DATA:
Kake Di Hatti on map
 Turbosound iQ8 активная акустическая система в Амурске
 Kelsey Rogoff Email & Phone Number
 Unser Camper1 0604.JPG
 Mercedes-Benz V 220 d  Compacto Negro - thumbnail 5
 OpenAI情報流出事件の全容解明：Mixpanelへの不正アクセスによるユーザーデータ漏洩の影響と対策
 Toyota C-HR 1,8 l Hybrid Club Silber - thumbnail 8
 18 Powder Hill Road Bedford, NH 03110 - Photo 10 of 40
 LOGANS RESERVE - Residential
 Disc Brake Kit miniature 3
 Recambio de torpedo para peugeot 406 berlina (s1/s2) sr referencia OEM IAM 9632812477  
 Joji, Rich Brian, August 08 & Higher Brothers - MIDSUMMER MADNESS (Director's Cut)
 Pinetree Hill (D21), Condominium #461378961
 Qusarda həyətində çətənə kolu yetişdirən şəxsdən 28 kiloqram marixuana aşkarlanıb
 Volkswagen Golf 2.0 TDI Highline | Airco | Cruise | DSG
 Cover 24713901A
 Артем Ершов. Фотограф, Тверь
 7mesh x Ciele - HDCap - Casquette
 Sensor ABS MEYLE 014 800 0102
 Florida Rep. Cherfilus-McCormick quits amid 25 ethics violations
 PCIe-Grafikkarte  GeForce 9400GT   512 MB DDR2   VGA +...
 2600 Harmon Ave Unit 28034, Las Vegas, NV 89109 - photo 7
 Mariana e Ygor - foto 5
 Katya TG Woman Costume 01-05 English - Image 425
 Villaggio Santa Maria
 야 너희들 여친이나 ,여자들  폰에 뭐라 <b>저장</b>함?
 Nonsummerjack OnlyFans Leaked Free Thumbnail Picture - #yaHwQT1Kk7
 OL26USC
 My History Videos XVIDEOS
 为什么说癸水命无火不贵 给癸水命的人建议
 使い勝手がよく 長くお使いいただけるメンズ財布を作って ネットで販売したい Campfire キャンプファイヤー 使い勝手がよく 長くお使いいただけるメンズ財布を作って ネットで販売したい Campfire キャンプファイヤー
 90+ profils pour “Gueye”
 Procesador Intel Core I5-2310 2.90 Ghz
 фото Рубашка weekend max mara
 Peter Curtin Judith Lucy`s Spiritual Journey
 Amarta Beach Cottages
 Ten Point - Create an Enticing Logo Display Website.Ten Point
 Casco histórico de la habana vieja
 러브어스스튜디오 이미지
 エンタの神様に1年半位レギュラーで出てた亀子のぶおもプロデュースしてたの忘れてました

DIRECTIONS FOR THIS TASK: Copy every entry exactly.

SOLUTION BELOW:
Kake Di Hatti on map
 Turbosound iQ8 активная акустическая система в Амурске
 Kelsey Rogoff Email & Phone Number
 Unser Camper1 0604.JPG
 Mercedes-Benz V 220 d  Compacto Negro - thumbnail 5
 OpenAI情報流出事件の全容解明：Mixpanelへの不正アクセスによるユーザーデータ漏洩の影響と対策
 Toyota C-HR 1,8 l Hybrid Club Silber - thumbnail 8
 18 Powder Hill Road Bedford, NH 03110 - Photo 10 of 40
 LOGANS RESERVE - Residential
 Disc Brake Kit miniature 3
 Recambio de torpedo para peugeot 406 berlina (s1/s2) sr referencia OEM IAM 9632812477  
 Joji, Rich Brian, August 08 & Higher Brothers - MIDSUMMER MADNESS (Director's Cut)
 Pinetree Hill (D21), Condominium #461378961
 Qusarda həyətində çətənə kolu yetişdirən şəxsdən 28 kiloqram marixuana aşkarlanıb
 Volkswagen Golf 2.0 TDI Highline | Airco | Cruise | DSG
 Cover 24713901A
 Артем Ершов. Фотограф, Тверь
 7mesh x Ciele - HDCap - Casquette
 Sensor ABS MEYLE 014 800 0102
 Florida Rep. Cherfilus-McCormick quits amid 25 ethics violations
 PCIe-Grafikkarte  GeForce 9400GT   512 MB DDR2   VGA +...
 2600 Harmon Ave Unit 28034, Las Vegas, NV 89109 - photo 7
 Mariana e Ygor - foto 5
 Katya TG Woman Costume 01-05 English - Image 425
 Villaggio Santa Maria
 야 너희들 여친이나 ,여자들  폰에 뭐라 <b>저장</b>함?
 Nonsummerjack OnlyFans Leaked Free Thumbnail Picture - #yaHwQT1Kk7
 OL26USC
 My History Videos XVIDEOS
 为什么说癸水命无火不贵 给癸水命的人建议
 使い勝手がよく 長くお使いいただけるメンズ財布を作って ネットで販売したい Campfire キャンプファイヤー 使い勝手がよく 長くお使いいただけるメンズ財布を作って ネットで販売したい Campfire キャンプファイヤー
 90+ profils pour “Gueye”
 Procesador Intel Core I5-2310 2.90 Ghz
 фото Рубашка weekend max mara
 Peter Curtin Judith Lucy`s Spiritual Journey
 Amarta Beach Cottages
 Ten Point - Create an Enticing Logo Display Website.Ten Point
 Casco histórico de la habana vieja
 러브어스스튜디오 이미지
 エンタの神様に1年半位レギュラーで出てた亀子のぶおもプロデュースしてたの忘れてました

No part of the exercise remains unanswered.